Brooklyn, I Love You. But Your Rent Is Too Damn High. Hello, Manhattan!


It’s the same old story.
The Wall Street Journal reports that young New Yorkers are finding that they need to adjust their expectations and move to a less cool borough because they’ve being priced out of where they really want to live.
So, it’s good-bye Brooklyn and hello Manhattan!
In the reverse trajectory that George and Weezy Jefferson took in the show The Jeffersons (RIP Sherman Helmsley) increasingly high rents are forcing people to move on down to the East Side. To that deluxe apartment in the sky.
And by “up in the sky,” I mean the fifth-floor walk-up that Josh Wolinsky “a 28-year-old restaurant server and aspiring author” has moved into after being priced out of Astoria.

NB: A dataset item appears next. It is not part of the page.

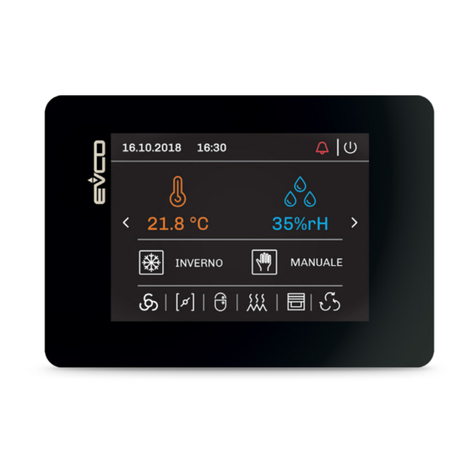 Evco EPJcolor manual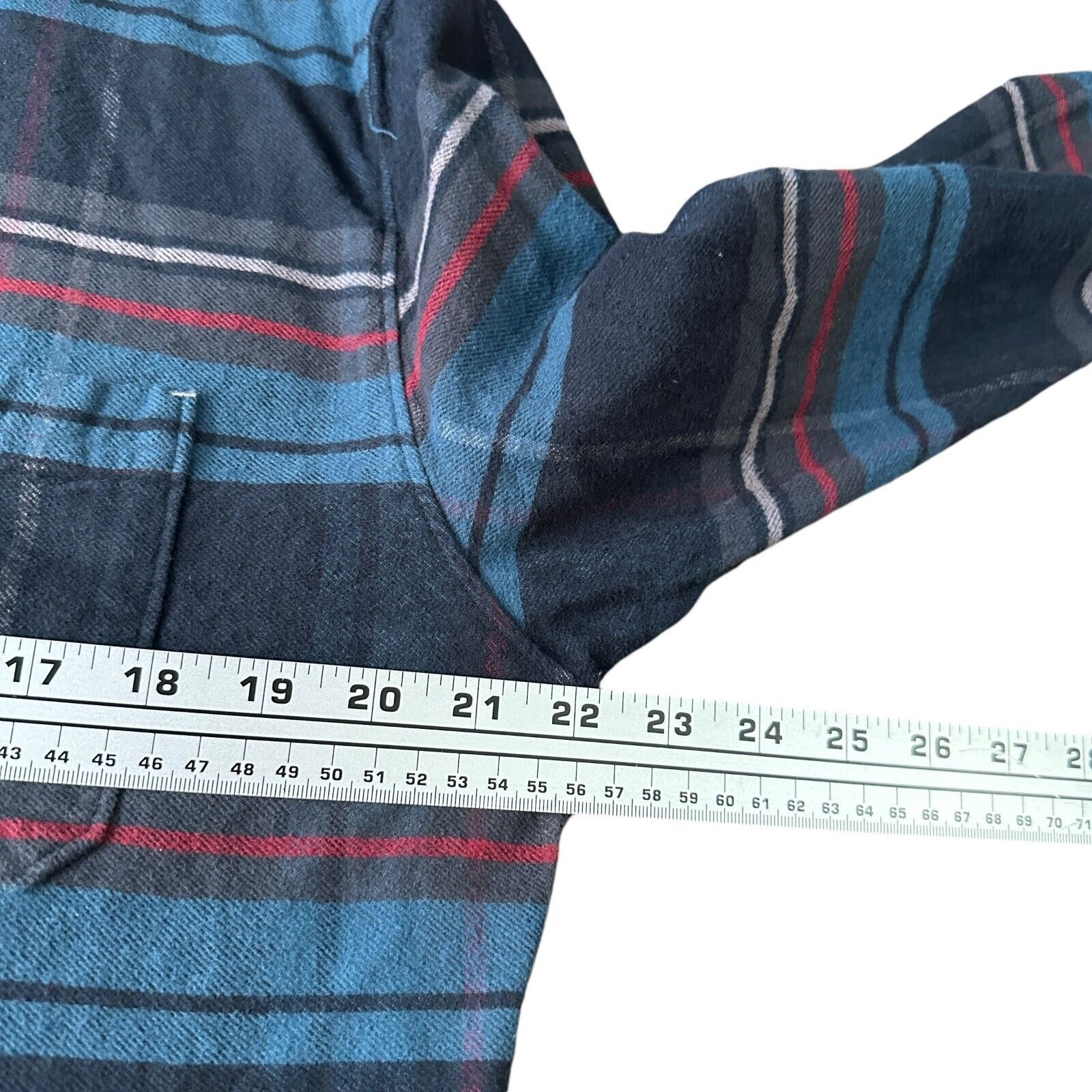 Carbon2Cobalt Carbon 2 Cobalt Flannel Shirt Men's M Blue Plaid Button Up Size US M / EU 48-50 / 2 - 6 Thumbnail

Wolinsky hopes the move is temporary, though, and tells the WSJ that “he hopes he won’t be a long-term Upper East Sider. ‘I’d rather be living in a borough.'”

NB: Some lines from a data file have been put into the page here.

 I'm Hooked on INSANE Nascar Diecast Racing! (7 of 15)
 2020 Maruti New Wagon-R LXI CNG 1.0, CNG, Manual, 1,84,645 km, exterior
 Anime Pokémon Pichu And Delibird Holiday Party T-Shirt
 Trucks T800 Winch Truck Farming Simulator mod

Which, you know, Manhattan obviously is a borough, but I get where Wolinsky is coming from. He’s flustered and upset. He doesn’t want to have to take a bridge or tunnel to get to where he really wants to be.

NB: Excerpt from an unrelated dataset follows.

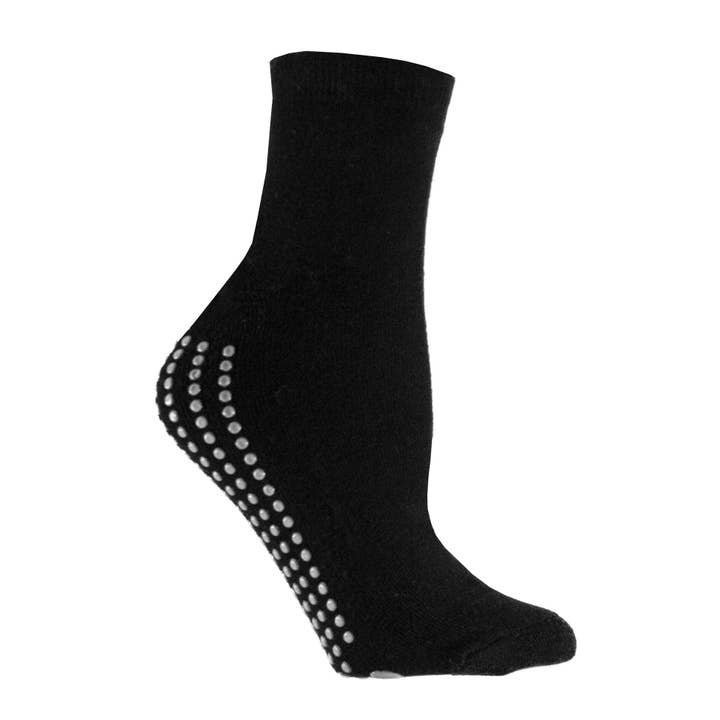 Non-Skid Reflexology Slipper Socks for wholesale by MinxNY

It is a crazy sign of the vitality of the Brooklyn real estate market that, even during the economic downturn and still-high unemployment rates, rents continue to rise. Brooklyn and Queens used to be the last resort for people priced out of Manhattan, but now, outer-borough residents are warily moving to Manhattan.
But how will these Brooklynites adjust to living in Manhattan?
One new Manhattan resident, 27-year-old advertising executive Philip Bjerknes, has found that he’s not going to have to rough it too much in the wilds of the East Village.
“I love Brooklyn. It’s adorable, with great places to eat, but they also have that in Manhattan,” he says.
It’s true! Manhattan and Brooklyn ARE both adorable. I’d totally use that word to describe both places.
What a solid adjective.
And there are also positive signs that the gentrification of the Upper East Side has begun.
Kate Artibee, a “33-year-old Pilates studio owner” might not be comfortable describing her new Yorkville neighborhood as “cool” (which, yeah, it’s not) but was relieved to see a sign that the ‘hood would be changing soon.
“These hipsters were moving in—you could tell they were hipsters because I used to be one too, so they stand out—and they were moving a mounted moose head into their apartment,” she said.
There you have it. Hipsters with a mounted moose head. If that isn’t a beacon of positive change, I don’t know what is.